Child Support Ends Upon:
Legal Custody Change
Up to The Age of 20
Passing of the Child
Passing of the Obligated Parent
Passing of Legal Custodian
Upon the marriage of the child.
Upon the emancipation of the child when the child become self supporting. However, child support does not terminate automatically upon these happenings. Termination of child support when the child becomes emancipated or self-supporting must be specifically provided for in the decree.
If the obligated parent acquires legal custody of the child.
Child support ends upon the child reaching 18, unless there is a provision that child support should continue through the child's secondary school education up to age 20. The parent's may, by agreement, provide that the child support continue for a longer period.
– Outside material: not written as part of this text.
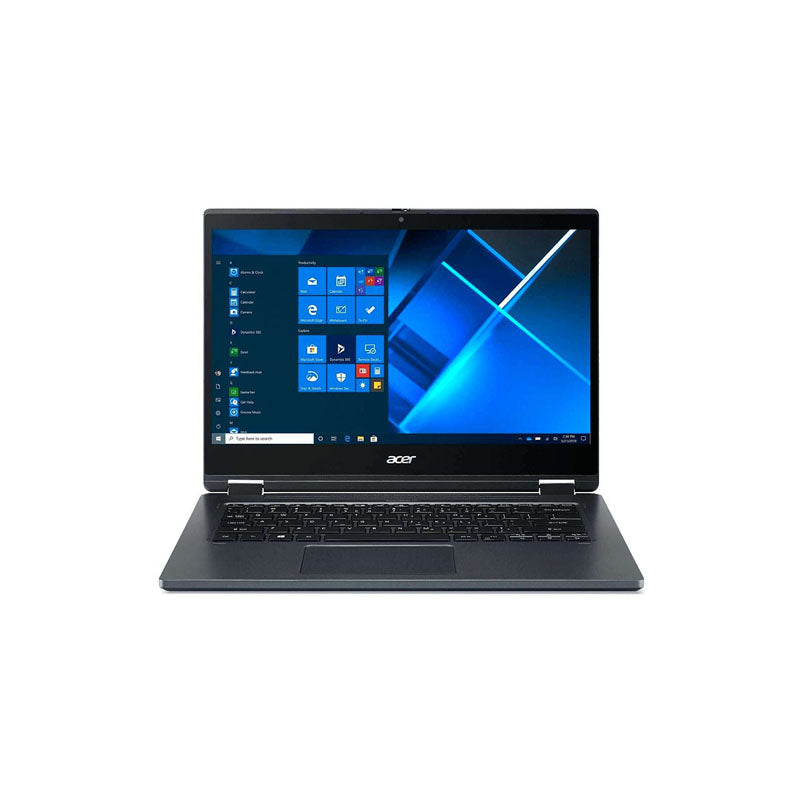 Acer Travelmate P414 i7-1355U 16GB RAM 1TB PCIE NVME SSD 14" 2-in-1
However, without the parent's consent, neither a court nor a jury can require that a parent support a child beyond age 18, except a court or jury may provide that child support continue until age 20 if the child is still enrolled in secondary school.
Upon the death of the minor child.
Upon the death of the obligated parent (the parent making the payments).
Upon the death of the parent who is the legal custodian of the child (the parent collecting support payments).
As is otherwise mandated by the court's final decree.
Agreements for Child Support Payments Past the Age of 20
Disagreements occasionally arise when one parent wishes for child support to continue past the age of 18 or graduation from secondary school. Although a court may not order a parent to support a child past his or her 20th birthday without the parents' consent, the court may incorporate an agreement between the parties to pay for college, or otherwise support an adult child, in the court's Final Order. The court will only incorporate an agreement of the parties if the court finds the agreement in the best interest of the child and equitable under the circumstances of the specific case. Since a court's determination on the matter may prove unsatisfactory to both parents, it is advisable for parents to reach a mutually acceptable agreement, rather than ask the judge to decide.